"Question authority" is a popular slogan often used on bumper stickers, T-shirts and as graffiti. The slogan was popularized by controversial psychologist Timothy Leary, although some people have suggested that the idea behind the slogan can be traced back to the ancient Greek philosopher Socrates. One of the most influential icons in the counterculture movement which formed in the late 1960s out of opposition to the Vietnam War's escalation, Leary gained influence among much of the youth by advocating the use of LSD – which was criminalized in the United States in 1966 –  as a way to escape from the burdens of society.  Following the Watergate Scandal, which resulted in the resignation of US President Richard Nixon and the conviction of several officials in the Nixon administration, the slogan became arguably the most accepted form of ideology among baby boomers. 

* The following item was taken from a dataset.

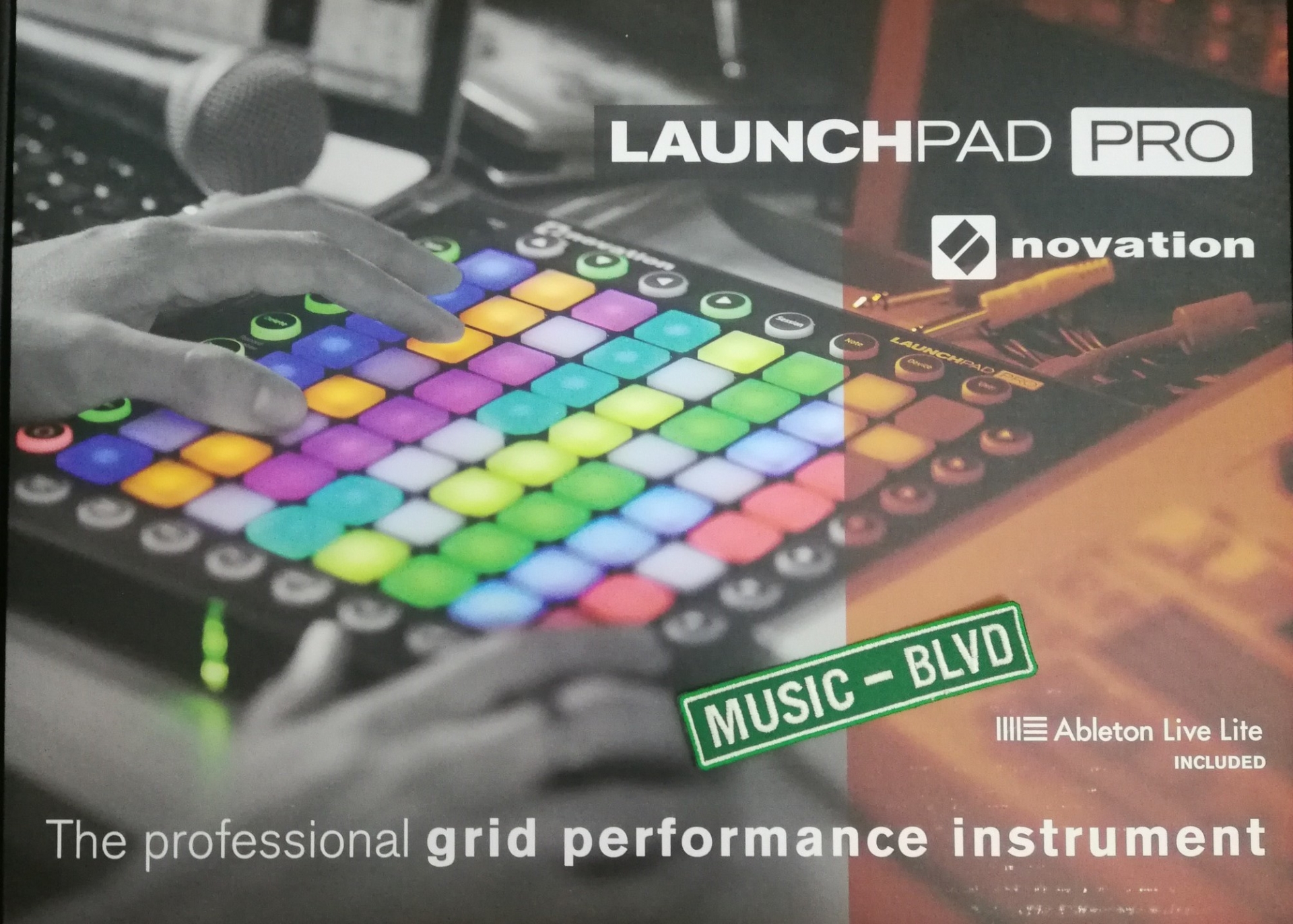 Novation Launchpad Pro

It is intended to encourage people to avoid fallacious appeals to authority.  The term has always symbolized the necessity of paying attention to the rules and regulations promulgated by a government unto its citizenry.  However, psychologists have also criticized Leary's method of questioning authority and have argued that it resulted in widespread dysfunctionality.  In their book Question Authority, Think For Yourself, psychologists Beverly Potter and Mark Estren alleged that the practice of Leary's philosophy enhances a person's self-interest and greatly weakens the ability to cooperate with others.

However, Leary's philosophy was foreseen in concept by C. Wright Mills in his 1956 book, The Power Elite.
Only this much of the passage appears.